Greg Gianforte won the congressional race in Montana yesterday despite earning an assault charge just a day earlier for allegedly body-slamming a reporter to the ground, breaking the journalist’s glasses.
That incident failed to sway sufficient votes against him, as did an earlier ad campaign in which famous paleontologist Jack Horner urged against voting for Gianforte on the grounds that he is anti-dinosaur and anti-science.
Gianforte is decidedly not anti-dinosaur, a fact he can prove with a $290,000 donation receipt to the Glendive Dinosaur & Fossil Museum, the second largest dinosaur museum in Montana. Here’s the catch: The Glendive Dinosaur & Fossil Museum teaches that the world is between 6,000 and 6,400 years old, that dinosaurs lived among humans and voyaged on Noah’s Ark, and that they subsequently went extinct because of overhunting or climate shifts.
Christians who ascribe to the view that the Earth is just several thousand years old are generally referred to as Young Earth Creationists. Gianforte has not come out one way or another on his beliefs as to the age of the Earth or the story of the dinosaurs, but he has aligned himself with proponents of this worldview. He is a member of Grace Bible Church in Bozeman, Montana, which teaches the Bible as the literal word of God. He supports various efforts to educate children from a biblical perspective.
Young Earth Creationists are famous for imitating the language and institutions of science to promote unscientific views.

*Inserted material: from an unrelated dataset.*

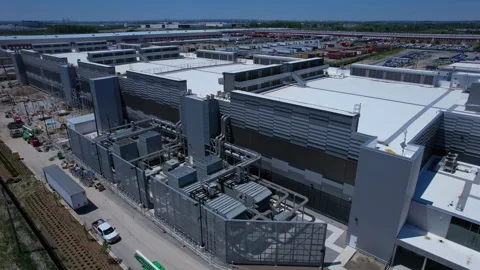 Aerial view of datacenter construction and secure cloud Infrastructure powe.. Vídeo Stock 336511885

Ken Ham’s Ark Encounter theme park in Kansas is built like a replica Noah’s Ark, full of museum-like exhibits on the “science” of the flood. It even includes — you guessed it — a pair of dinosaurs. Earlier this month a colleague of Ham’s, Andrew Snelling, launched a lawsuit against the National Park Service for failing to grant him permission to collect rock samples in the Grand Canyon for the purpose of geological research.